Wir gehen davon aus, dass sich das globale Wachstum in den Jahren 2025 und 2026 bei 3,0 % stabilisieren wird. Das Wachstumsgefälle zwischen den Schwellenländern und den Industrieländern dürfte sich ebenfalls stabilisieren, wobei die Schwellenländer in den nächsten zwei Jahren um 3,9 % und die Industrieländer um 1,6 % wachsen dürften. Wir gehen davon aus, dass sich die US-Wirtschaft leicht verlangsamen und eine weiche Landung vollziehen wird, dass sich Europa nur mäßig und allmählich an sein Potenzialwachstum annähert und dass Asien trotz der Verlangsamung in China ein wichtiger Wachstumsmotor bleiben wird.
Die Bestätigung, dass die Inflation sich weiter verringert, dürfte eine leicht expansive Geldpolitik unterstützen. Die Zentralbanken in den USA und Europa dürften die Zinsen weiter senken. Bis Ende 2025 rechnen wir mit Zinsen von 3,5 % in den USA, 2,25 % in der Eurozone und 3,50 % im Vereinigten Königreich. Im Gegensatz dazu wird die Bank of Japan voraussichtlich zwei weitere Zinserhöhungen vornehmen. Die Zentralbanken der Schwellenländer beabsichtigen, ihre Politik unabhängiger zu gestalten und die Geldpolitik schrittweise zu lockern.

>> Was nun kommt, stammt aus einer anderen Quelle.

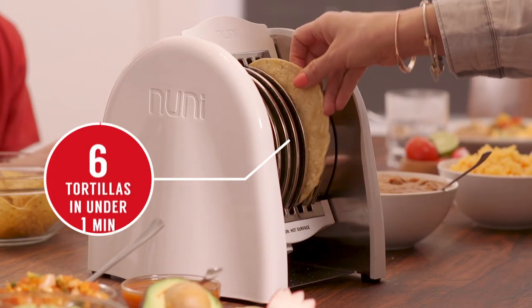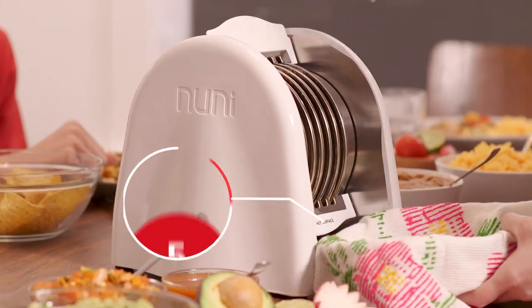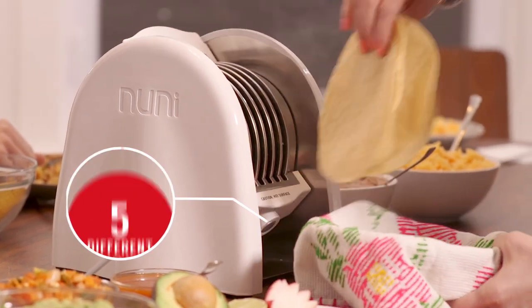Its innovative design can heat up to six tortillas in 60 seconds. Finally, tortillas that never need to be flipped. It has five different shade settings to achieve an authentic tortilla taste.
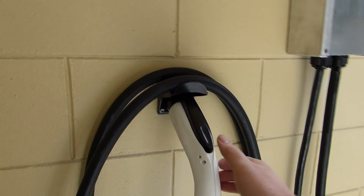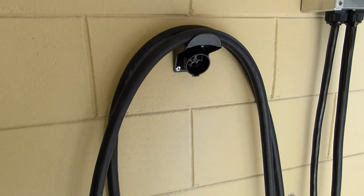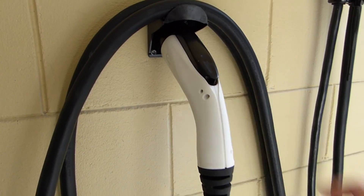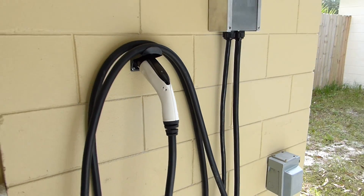Plastic holster and cord holder. So it clicks, locks in just like it does in the front of a car. Pretty neat design.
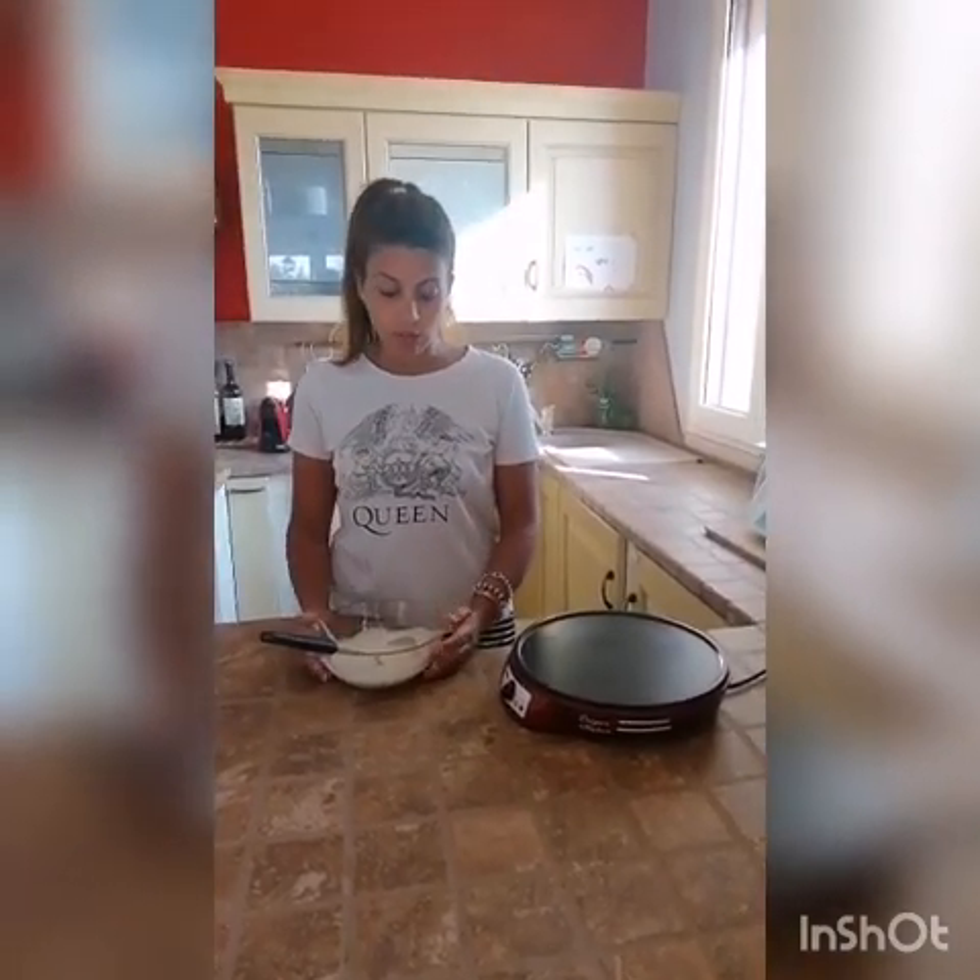Allora, cosa faremo? Dei pancake! Potete scegliere la ricetta che preferite, quella che magari utilizzate abitualmente. A noi piace questa, senza né latte né uova.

Vincent Mortier, Group CIO bei Amundi: „2025 wird es darauf ankommen, Chancen bei Risiko-Assets zu ergreifen und gleichzeitig die Inflationsrisiken auszugleichen. Anleger sollten ihr Aktienengagement über US-Mega-Cap-Aktien hinaus erweitern, nach Erträgen bei liquiden und illiquiden Vermögenswerten suchen und ihre Anlagen in einer stärker fragmentierten Welt absichern.“
Monica Defend, Head of Amundi Investment Institute: „In dieser Welt der Anomalien gibt es auch viele Lichtblicke. Chancen zu erkennen, die sich aus politischen Entscheidungen und geopolitischen Veränderungen ergeben, ist genauso wichtig wie der Schutz vor den damit verbundenen Risiken.“
ZENTRALES SZENARIO: EIN ANHALTENDER SPÄTZYKLUS
- Die Vereinigten Staaten steuern auf ein Soft-Landing-Szenario zu. Wir erwarten eine leichte Verlangsamung des Wachstums (+1,9 % und + 2,0 % in den Jahren 2025 und 2026), da sich der Arbeitsmarkt abkühlt und der Konsum verlangsamt. Das Ausmaß und die Reihenfolge der Umsetzung der US-Politik werden sich auf die Wachstums- und Inflationsaussichten und möglicherweise auch auf die Reaktion der Fed und die Finanzierungsbedingungen auswirken. Wir gehen davon aus, dass der neue Präsident der Zoll- und Einwanderungspolitik Vorrang einräumen wird, gefolgt von Steuersenkungen und anderen finanzpolitischen Änderungen.
- Europa steht vor einer moderaten Erholung in Richtung Potenzialwachstum, die auf einer niedrigeren Inflation und einer Lockerung der Geldpolitik beruht, um Investitionen zu fördern und Ersparnisse in den Konsum zu lenken. Die größten Volkswirtschaften der Eurozone werden eine heterogene Entwicklung aufweisen, wobei die Fiskalpolitik ein wesentlicher Unterscheidungsfaktor sein sollte. Längerfristig muss Europa die Produktivität steigern. Die Trump-Regierung könnte Europa dazu drängen, die Verteidigungszusammenarbeit zu stärken und möglicherweise Maßnahmen zur Steigerung des Produktivitätswachstums voranzutreiben.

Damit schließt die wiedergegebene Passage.